◆ Try it: Exact copies of the lines from the one with "Në Kirurgjinë Vaskulare" through the last line of the entries, and no pictures, make up the answer.
----
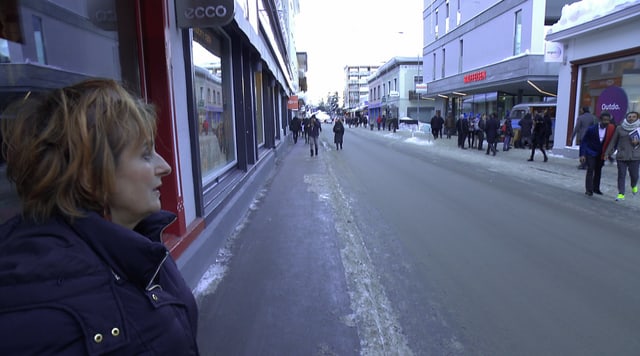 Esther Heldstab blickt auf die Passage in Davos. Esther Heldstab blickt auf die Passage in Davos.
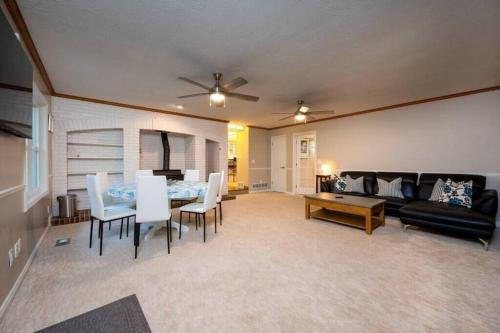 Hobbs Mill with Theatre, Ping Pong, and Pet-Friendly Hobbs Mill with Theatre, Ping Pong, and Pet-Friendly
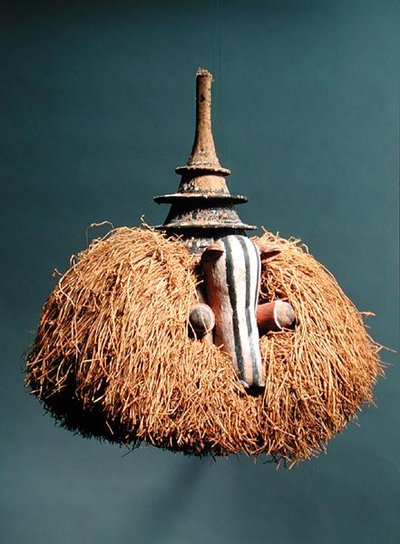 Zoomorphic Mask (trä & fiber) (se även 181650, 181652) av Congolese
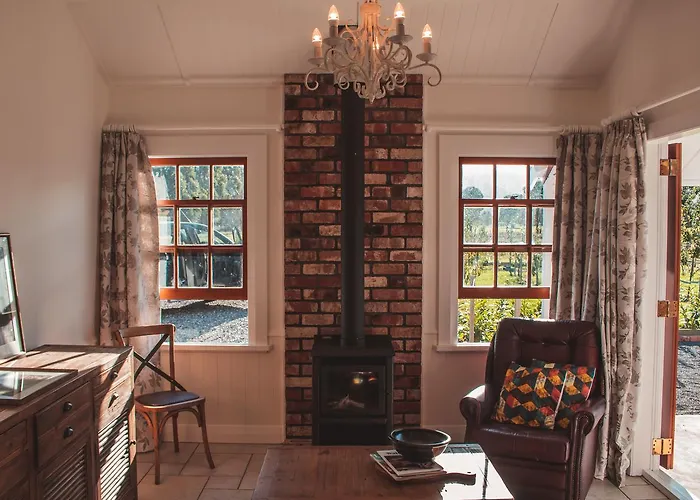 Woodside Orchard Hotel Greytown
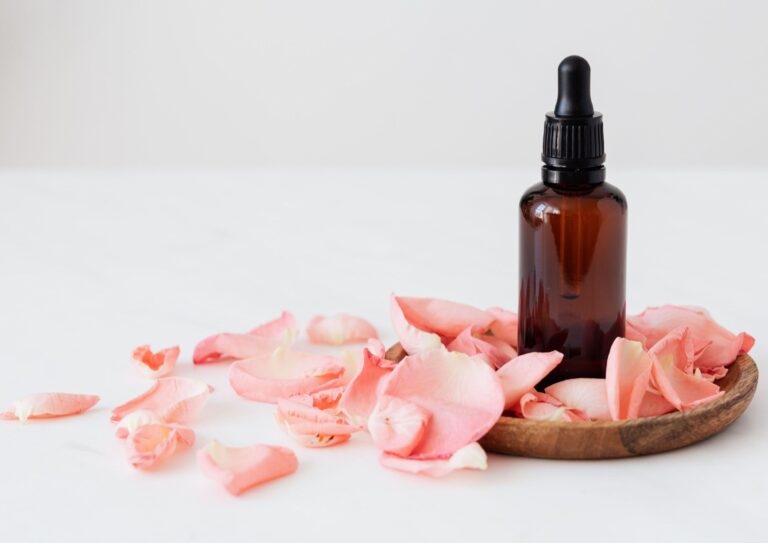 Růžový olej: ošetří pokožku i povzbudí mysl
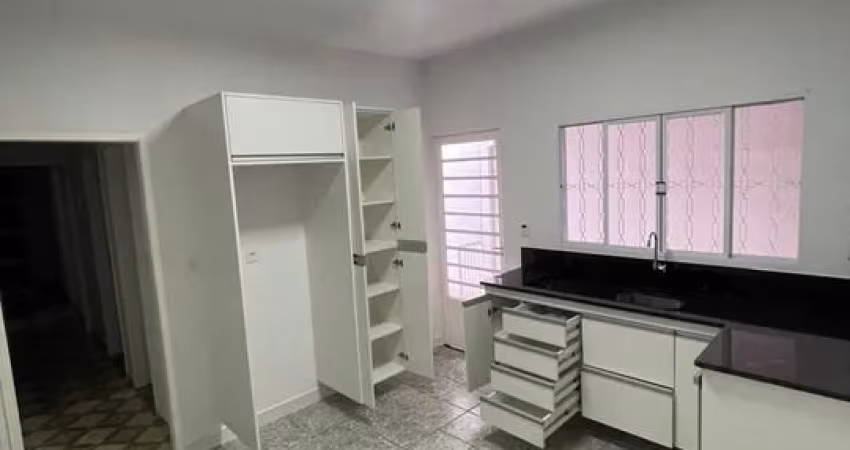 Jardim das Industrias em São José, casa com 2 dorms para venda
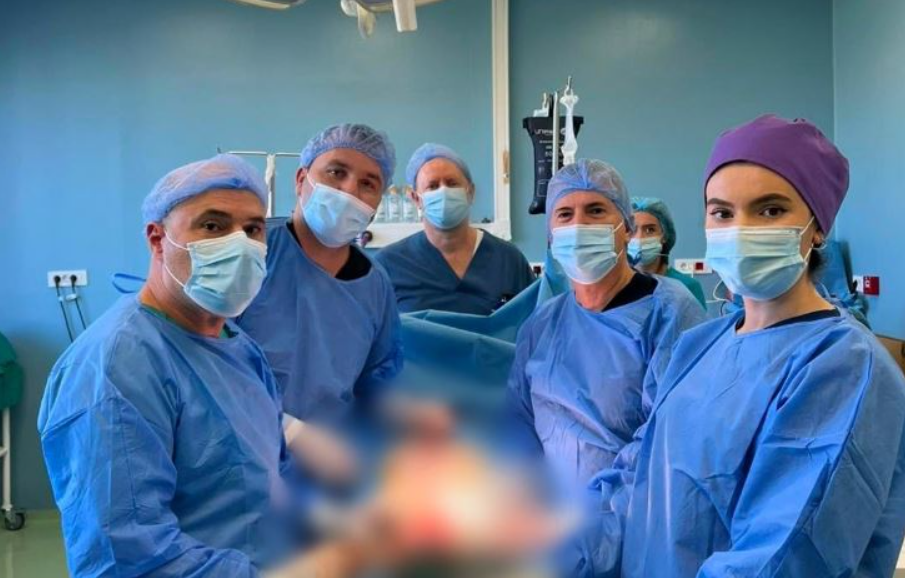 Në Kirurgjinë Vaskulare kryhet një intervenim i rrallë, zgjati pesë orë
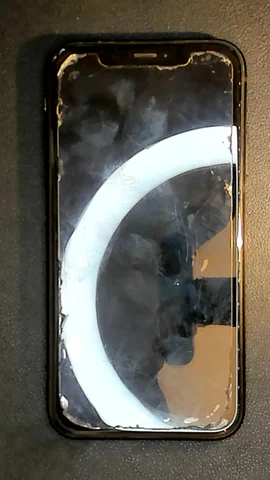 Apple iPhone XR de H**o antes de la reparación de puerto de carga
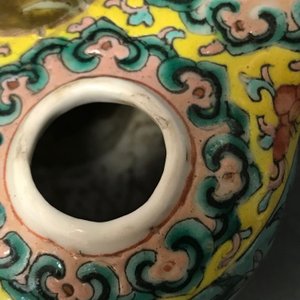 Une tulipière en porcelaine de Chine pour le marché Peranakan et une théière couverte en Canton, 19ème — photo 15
----
◆ Answer below:
 Në Kirurgjinë Vaskulare kryhet një intervenim i rrallë, zgjati pesë orë
 Apple iPhone XR de H**o antes de la reparación de puerto de carga
 Une tulipière en porcelaine de Chine pour le marché Peranakan et une théière couverte en Canton, 19ème — photo 15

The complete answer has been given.